In our case, it’s Dad, of course. I think I said goodbye when she stopped recognising me and my son (she had been confusing us for ages – easy to do: tall, blonde, handsome, sli… er, well, maybe not the latter). It was then that the loss was mutual. But it was unpleasant.
It got worse: the last 18 months or so has been horrible, mainly seeing Dad get so upset when she suffered one of those care-home abuses which led to three people, including management, being landed with suspended prison sentences. Eventually she was re-homed (ugh!) to what ended up to be a much-happier and much better home.
It doesn’t help that the original care home has had the cheek to send a bill for early withdrawal. Indignation strikes and fury rears its ugly head. But we have to let it wash away to support and curb Dad’s obvious anger.
That anger is not what she would have wanted. She was someone who the grandchildren and was really valued as a SEN reading teacher: to her, everyone could achieve, even when they came from the worst backgrounds. Always welcoming, encouraging, self-effacing, she was too easy to be overlooked, but she was one of the people who the world really needs, leaving it a better place through her life and living.

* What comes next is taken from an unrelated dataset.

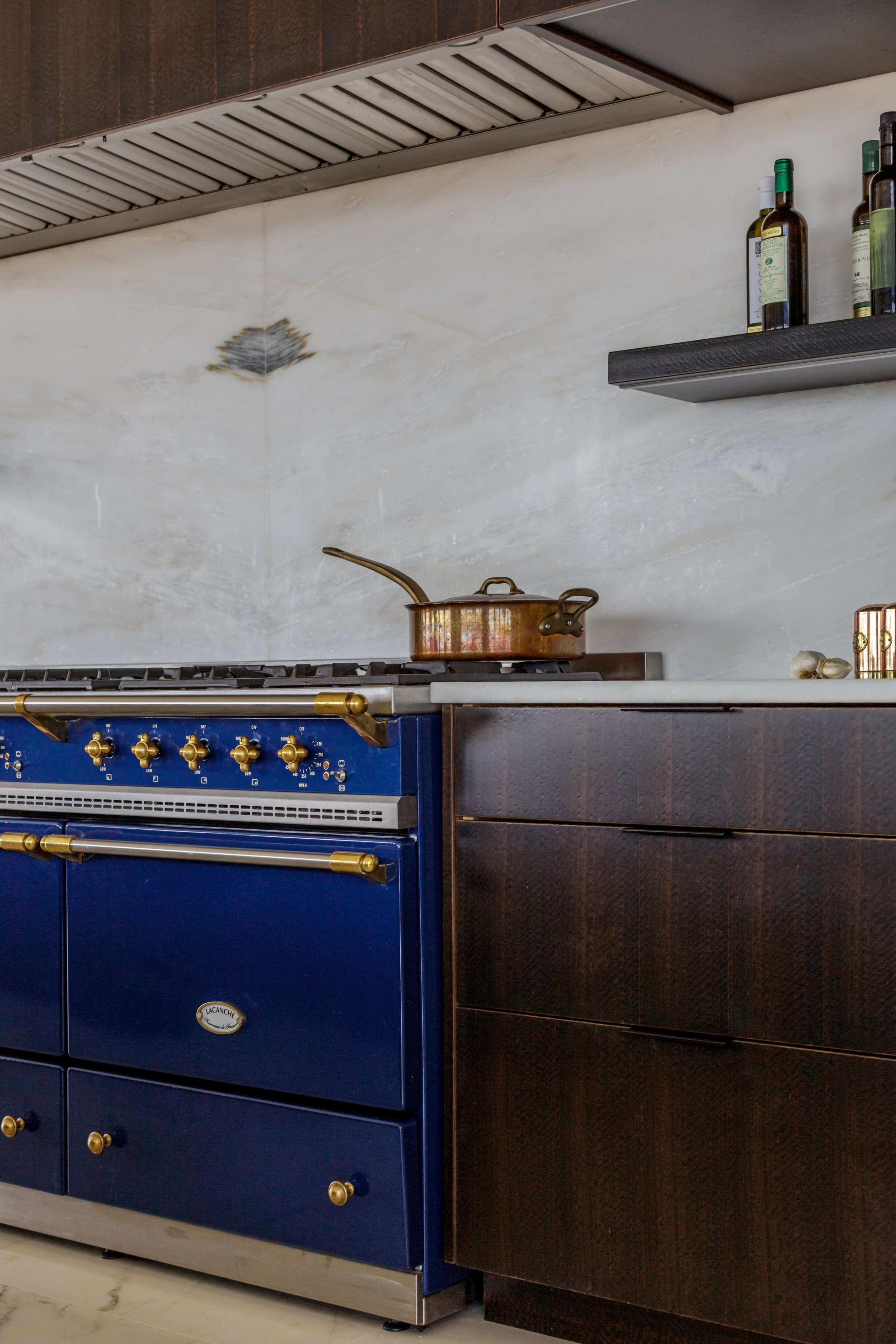 A kitchen scene showing a gas stove with a copper pot on top, a blue oven with gold knobs, and a black shelf holding bottles of olive oil. The background features a beige marble wall with a dark wood cabinet above.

She had a wisteria in a garden which I admired, so she gave us a rootling from it. It has now overtaken the back of our house. Glorious, weeping purple sprays, a cascade of texture and a scent that permeates the house and garden so plentiful are the blooms. It has sheltered blue tits, doves and bees; weathered being hacked back when a fence collapsed; had cuttings taken and given to others and, with its texture, has turned a house into a home. It will always be “Gloria’s Wizzy”, always reminding us of her.

Heavily pruned by some gutter-cleaners, but still bursting forwards with colour
She will be missed, and fondly remembered.